10Les modes qui ne comprennent pas de contradiction interne ne peuvent ni être dits impossibles ni nécessaires, puisque leur essence n’enveloppe pas l’existence. Ils peuvent donc être dits contingents. La question de la contingence se déplace alors sur celle de la possibilité, car il s’agit de savoir s’il y a des causes qui rendent impossible ou nécessaire l’existence des choses, étant donné que rien dans leur essence ne permet de trancher en un sens ou l’autre. Par suite, nous ne pouvons pas faire autrement que de raisonner avec la catégorie de possible, tant que nous ignorons si les causes qui posent l’existence de ce que nous désirons sont déterminées ou non à les produire.
11Cela tient à notre statut ontologique de modes finis qui ne peuvent embrasser l’enchaînement infini des causes déterminées à produire ou ne pas produire un événement. Pour l’usage de la vie, il faut donc considérer les choses comme des possibles. C’est ce que dit expressément Spinoza dans le chapitre IV du Traité théologico-politique :
Ajoutons que nous ignorons totalement la connexion et l’enchaînement même des choses, c’est-à-dire de quelle façon les choses sont véritablement ordonnées et enchaînées ; donc pour l’usage de la vie, il vaut mieux – bien plus c’est indispensable – considérer les choses comme possibles4.

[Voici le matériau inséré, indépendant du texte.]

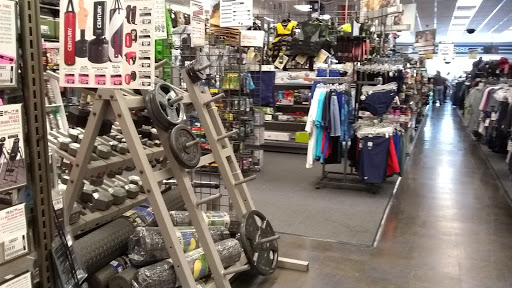 Sporting Goods Store «Big 5 Sporting Goods - Lakewood», reviews and photos, 5247 Lakewood Blvd, Lakewood, CA 90712, USA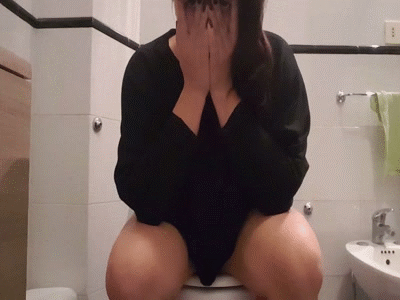 Girl fastest diarrhea ever without toilet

12Ainsi, c’est le maintien nécessaire de la catégorie de possible qui est la porte ouverte à la superstition. Les choses, au lieu de nous apparaître comme nécessaires ou impossibles, nous apparaissent comme des possibles également susceptibles d’advenir et, en proie aux affres de la fluctuatio animi, nous tentons de prévoir l’imprévisible pour calmer la crainte et faire pencher la balance de notre côté par un comportement qui échappe aux lois ordinaires des événements, car ces lois ne nous donnent aucune réponse. Nous allons donc chercher des signes, des présages ou des prodiges pour déterminer s’il y a des causes qui vont ou non produire ce que nous craignons ou désirons.
13Si le mécanisme du prodige reproduit la vision téléologique, dans la structure du présage, ce n’est pas tant le préjugé de la finalité qui est en jeu que la pensée imaginative et une conception erronée de la causalité, qui repose sur des associations et analogies avec une situation heureuse ou malheureuse passée. « Si lorsqu’ils sont en proie à la crainte, ils voient arriver quelque chose qui leur rappelle un bien ou un mal passés, ils pensent y trouver l’annonce d’une issue heureuse ou malheureuse, et pour cette raison, bien que déçus cent fois, ils le nomment présage favorable ou funeste5. » Or nous ne pouvons pas faire autrement que de penser par signes face aux possibles, tant que nous ignorons si les causes qui posent l’existence de ce que nous désirons sont déterminées ou non à les produire. Tenaillés par la crainte, nous allons chercher des indices jusque dans les entrailles des animaux.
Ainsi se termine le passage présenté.